In today’s audit landscape, hospitals’ inpatient short-stay claims are receiving increased attention from the Centers for Medicare & Medicaid Services (CMS). On Nov. 15, 2011, CMS announced the launch of two demonstration programs that directly impact hospitals, specifically as it pertains to these claims. The first such program, called the Part A-to-Part B Rebilling Demonstration Program, is voluntary. The second program, the Recovery Auditor Pre-Payment Review Demonstration Program, however, is mandatory for providers in 11 states.[2] Whether included in either of these programs or not, hospitals must be aware of the most current audit developments affecting them and effective strategies to employ during the audit appeals process.

AB Rebilling Demonstration Program

The Part A-to-Part B Rebilling Demonstration Program reflects CMS’s stated goal to reduce improper payments from the Medicare program, and it will involve the participation of up to 380 hospitals.[3] The program’s participants, determined through a first-come, first-serve application process, will consist of 80 large hospitals (300 or more beds), 120 moderate-sized hospitals (100-299 beds) and 180 small hospitals (99 or fewer beds).[4] The program will run for three years, from Jan. 1, 2012 to Dec. 31, 2014. Enrollment for the program opened at 2 p.m. EST on Dec. 12, 2011.

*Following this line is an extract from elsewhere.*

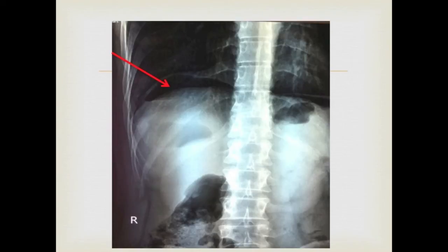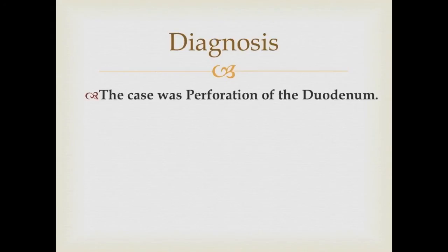Here is another photo showing air under the diaphragm on the right side. The case was diagnosed as perforation of the duodenum.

The AB Rebilling Demonstration Program only will involve the rebilling of certain claims for Part B reimbursement. Specifically, it will center on short-stay inpatient claims (denied on or after Jan. 1, 2012) that are denied by a Medicare Administrative Contractor, a Zone Program Integrity Contractor, a Recovery Auditor or Comprehensive Error Rate Testing (CERT) when services are determined to have been provided in an incorrect setting. Under the program, these claims can be resubmitted as new claims for outpatient services provided. In addition, short-stay inpatient claims self-identified by a provider as being rendered in the incorrect setting after services were provided and billed may be resubmitted as new claims for outpatient services.[5]

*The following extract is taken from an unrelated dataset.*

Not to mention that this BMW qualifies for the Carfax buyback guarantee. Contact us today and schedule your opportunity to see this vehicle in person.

Under the program, once a hospital rebills a claim for Part B reimbursement it will receive 90 percent of the total Part B payment (not including observation services), but still will be required to refund the difference of the beneficiary’s co-pay and deductible due under Part A and Part B.[6] CMS expressed its rationale for the 90 percent provision during its Nov. 30, 2011 Special Open Door Forum. The agency noted that it did not want to provide 100 percent of Part B reimbursement because it did not want to incentivize inaccurate billing, fearing that full payment would encourage hospitals to “game” the system.

One of the most concerning aspects of the AB Rebilling Demonstration Program is the requirement that participants waive their right to appeal all inpatient short-stay claims denied for lack of medical necessity when services are determined to have been provided in an inappropriate setting.[7] This highlights the inequity of a system in which a provider must choose between either appealing the denial of an inpatient claim and being unable to rebill the claim for outpatient reimbursement or rebilling the claim for 90 percent reimbursement of the Part B outpatient portion, yet waiving all due process rights.

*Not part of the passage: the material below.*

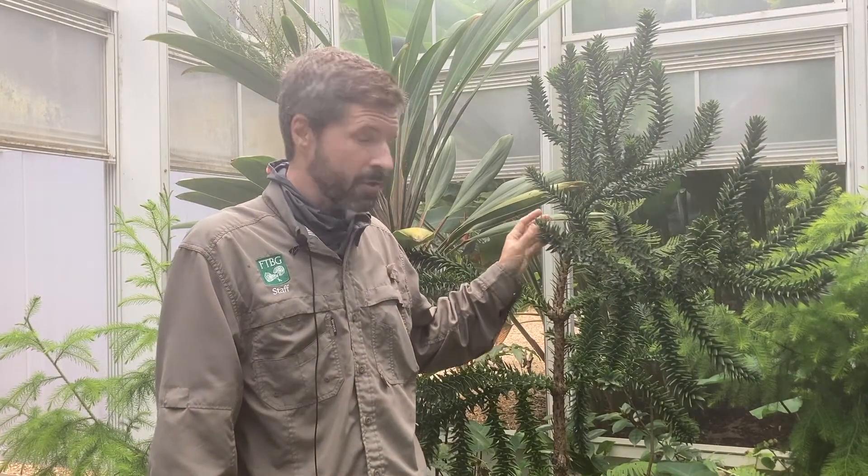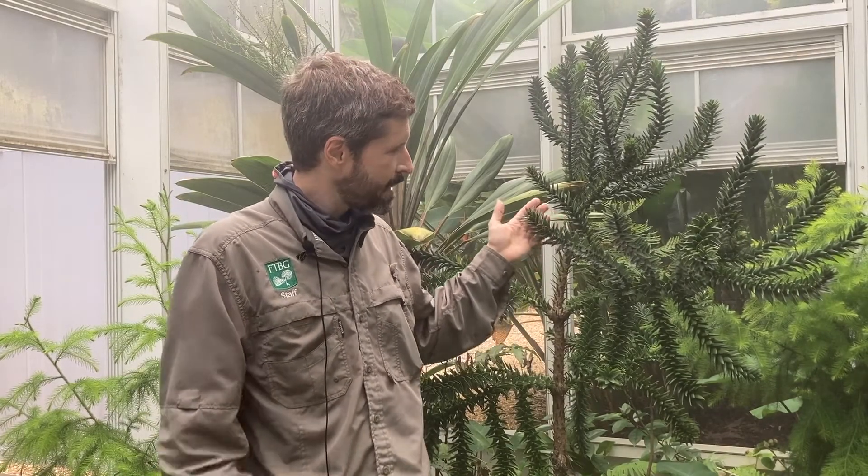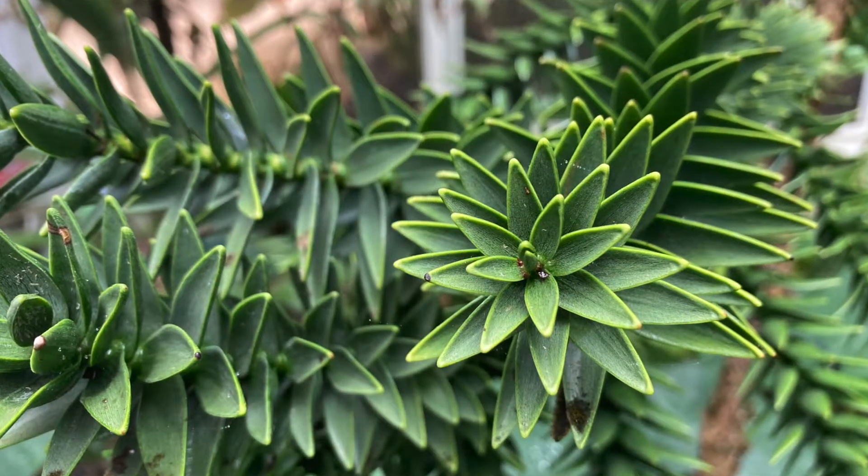It also has most of the world's araucarias — around 14 or 15 species of the 20 or so in the world. And this one probably has the biggest leaves of any of the ones on New Caledonia.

Recovery Audit Pre-Payment Review Demonstration Program

Again, unlike the AB Rebilling Demonstration Program, the Pre-Payment Review Demonstration Program is mandatory and will have a dramatic effect on providers in the 11 participating states because it allows Recovery Auditors (RACs) to conduct pre-payment reviews on providers’ Medicare claims.

In states outside of the demonstration program, RACs only may conduct post-payment reviews of providers’ Medicare claims. However, on Dec. 30, 2011 CMS announced that the implementation of the Recovery Audit Pre-Payment Review Demonstration Program was being delayed until further notice. There has been no indication that this delay will be indefinite, therefore it is still important for providers to understand the basics of the program.

The Recovery Audit Pre-Payment Review Demonstration Program will allow RACs to review claims before they are paid to ensure that providers are complying with all Medicare payment rules.[8] The 11 states CMS selected for the demonstration program included Florida, California, Michigan, Texas, New York, Louisiana, Illinois, Pennsylvania, Ohio, North Carolina and Missouri. Under the current plan CMS will roll out the demonstration program with a focus on inpatient short-stay claims, focusing on MS-DRG 312 Syncope & Collapse as the only claim initially subject to review. However as the program progresses, CMS will initiate pre-payment review of seven more DRGs. CMS likely will add even more claims, including physician claims, as the demonstration program proceeds. Furthermore, the program is being introduced in addition to, and not in replacement of, the current RAC Program. The limit on the number of medical records eligible to be reviewed by the contractors is the same as that which exists under the post-payment RAC program; therefore, the limits may be doubled for hospitals in the demonstration states.

Despite CMS’s focus on the positives of the Recovery Audit Pre-Payment Review Demonstration Program, there are very serious implications for providers subject to its provisions.

Specifically, the program highlights the difficulty in balancing Medicare program integrity with the detrimental effects a pre-payment review has on Medicare providers. Pre-payment review is an aggressive and effective method for contractors to audit providers and prevent improper payments.  This method threatens providers, however, because it significantly impacts cash flow, and there are no substantive criteria or procedures in place to determine placement on (or removal from) pre-payment review lists. For hospitals in the demonstration program, they will have no choice but to experience pre-payment review and the possible devastating impacts it may have on their finances.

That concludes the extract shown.